Data extraction fights against credit card fraud by actively matching up a consumer’s ID with their credit card information. It is incredibly difficult to forge an official piece of ID and have it match a victim’s card details at the same time.

Other forms of ID verification that can help prevent fraud
There are plenty of other forms of ID verification that are popping up in the digital age. We are seeing more and more cases of liveness detection, where consumers are required to take a video of themselves to verify their ID. This is particularly common in the banking world, with a lot of disruptive, app-based banks turning to this verification method.

Businesses can also use powerful tools to auto-check watchlists and automatically scan for fraudulent documents to determine if a consumer has committed fraud in the past or has a suspicious background.

How to implement ID verification to prevent fraud
Businesses that are looking for a way to tighten up their security and eliminate credit card fraud entirely should consider the best ID verification method for their customers.

While there are many digital ID verification methods, not all of them are appropriate for all industries and all companies – particularly in the wake of recent data breaches that have led to major consumer distrust.

As a result, businesses should evaluate their current needs to determine which method (or which combination of methods) is best suited to their specific use case.

Crack down on credit card fraud
It is a common fact that credit card fraud is on the rise.
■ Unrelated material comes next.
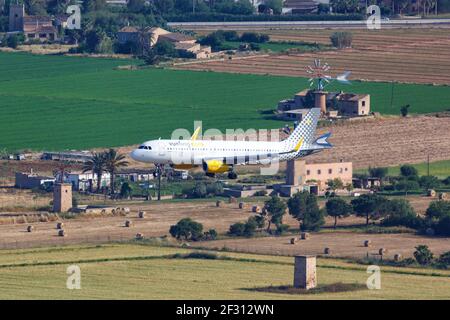 Palma de Mallorca, Spanien - 11. Mai 2018: Vueling Airbus A320 landet auf dem Flughafen Palma de Mallorca in Spanien. Airbus ist ein europäischer Flugzeugmensch Stockfoto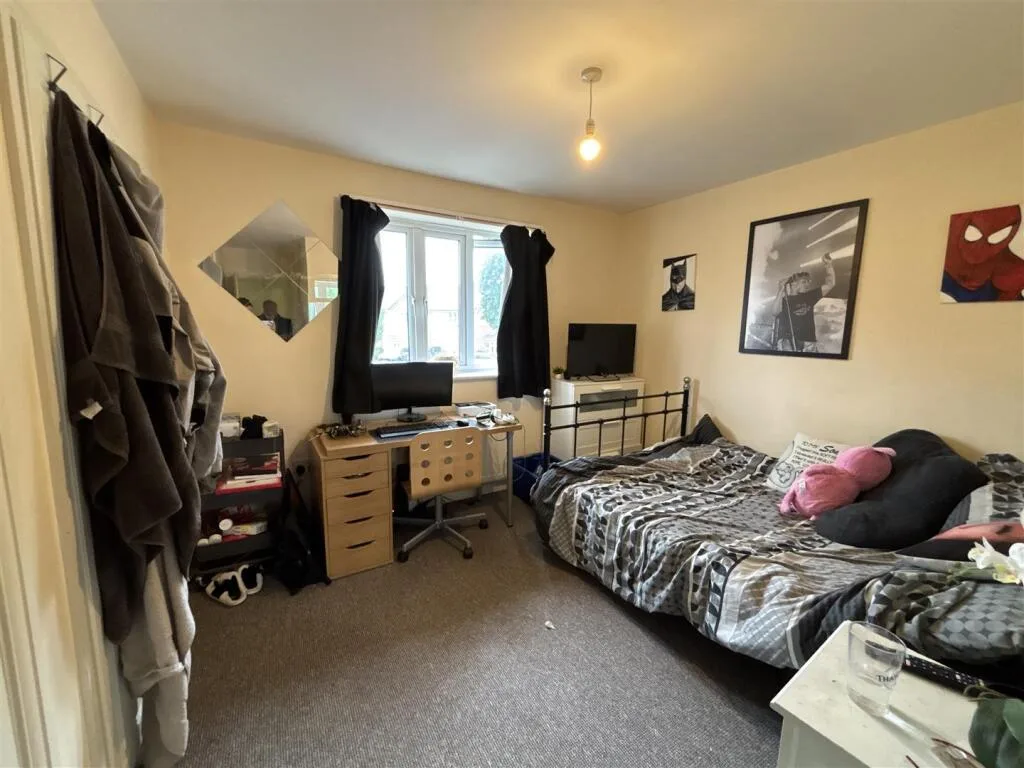 4 bedroom house for rent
Now, more than ever, businesses are required to check the IDs of their consumers if they want to avoid costly chargebacks and growth-crushing payouts.

However, it is not always possible for businesses (particularly fast-growing ones) to manually check every customer’s identity. Instead, businesses are beginning to turn to tech-powered ID verification methods that automatically check a consumer’s identity.

The key is choosing the right verification method to meet customer needs, whether that is through face-matching, data extraction from digital documents, or some form of two-step authentication.

GetID is an Information Technology company located in Tallinn, Estonia.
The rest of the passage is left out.